■ Task requirements
Working from the entries that follow, transcribe exactly and only the lines from the one with "this 1024×768 image." through the last, pictures excluded.

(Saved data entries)
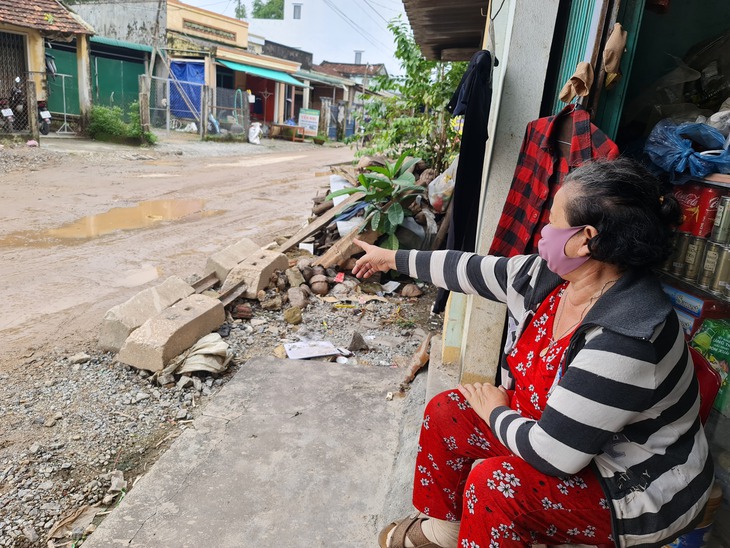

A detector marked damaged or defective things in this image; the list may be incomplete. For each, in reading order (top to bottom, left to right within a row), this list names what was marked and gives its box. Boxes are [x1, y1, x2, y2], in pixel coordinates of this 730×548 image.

broken concrete slab [203, 238, 260, 282]
broken concrete slab [220, 249, 288, 300]
broken concrete slab [101, 278, 196, 352]
broken concrete slab [116, 296, 225, 372]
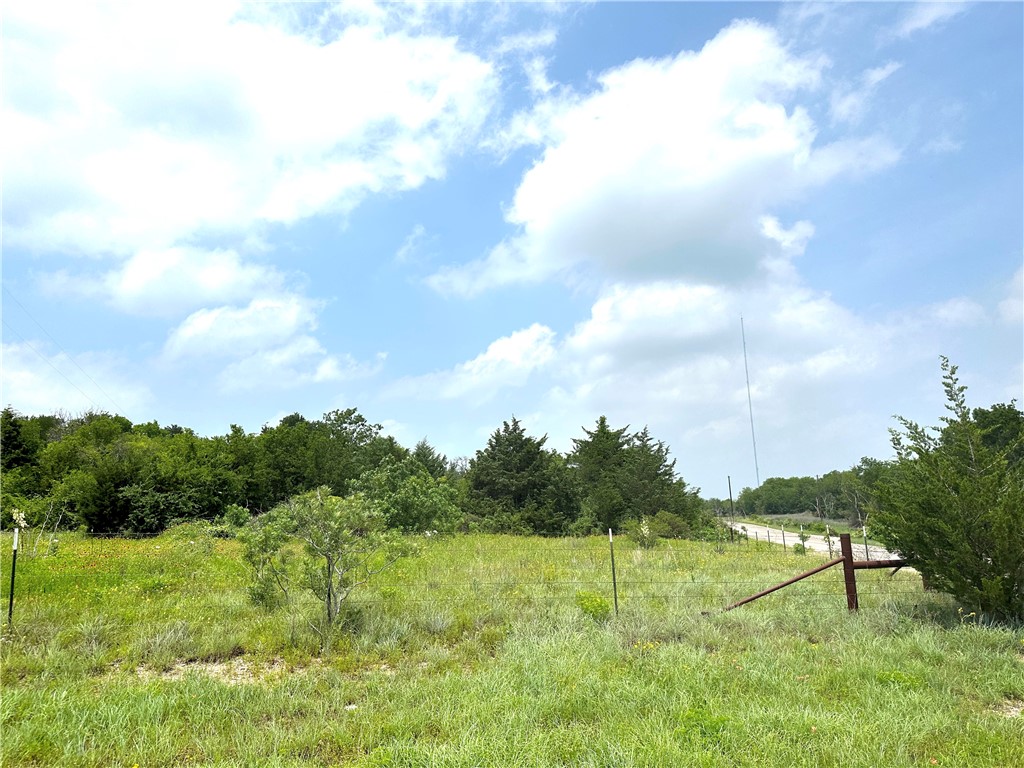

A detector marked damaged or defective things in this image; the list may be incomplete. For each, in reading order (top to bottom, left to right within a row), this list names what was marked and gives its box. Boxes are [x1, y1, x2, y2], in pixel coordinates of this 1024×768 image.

rusty metal post [839, 536, 856, 614]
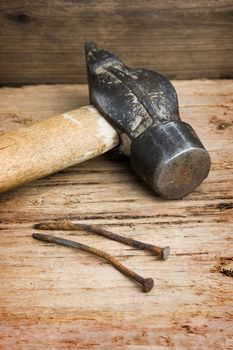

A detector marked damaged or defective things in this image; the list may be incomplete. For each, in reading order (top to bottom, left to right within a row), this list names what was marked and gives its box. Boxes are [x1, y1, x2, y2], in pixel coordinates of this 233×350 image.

rusty nail [31, 234, 154, 294]
rusty nail [33, 219, 170, 260]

■ Answer to the problem
A detector marked damaged or defective things in this image; the list may be incomplete. For each, in reading order (top to bottom, left to right within a row), this list names what was marked and gives its box. Boxes are [x1, y1, x2, y2], in pixel coordinates of this 1024×768 image.

rusty metal post [839, 536, 856, 614]

A detector marked damaged or defective things in this image; the list may be incomplete. For each, in reading order (top to bottom, left to right within a row), this list names what was marked and gives its box. Boxes are [x1, y1, x2, y2], in pixel coordinates of this 233×350 image.

rusty nail [31, 234, 154, 294]
rusty nail [33, 219, 170, 260]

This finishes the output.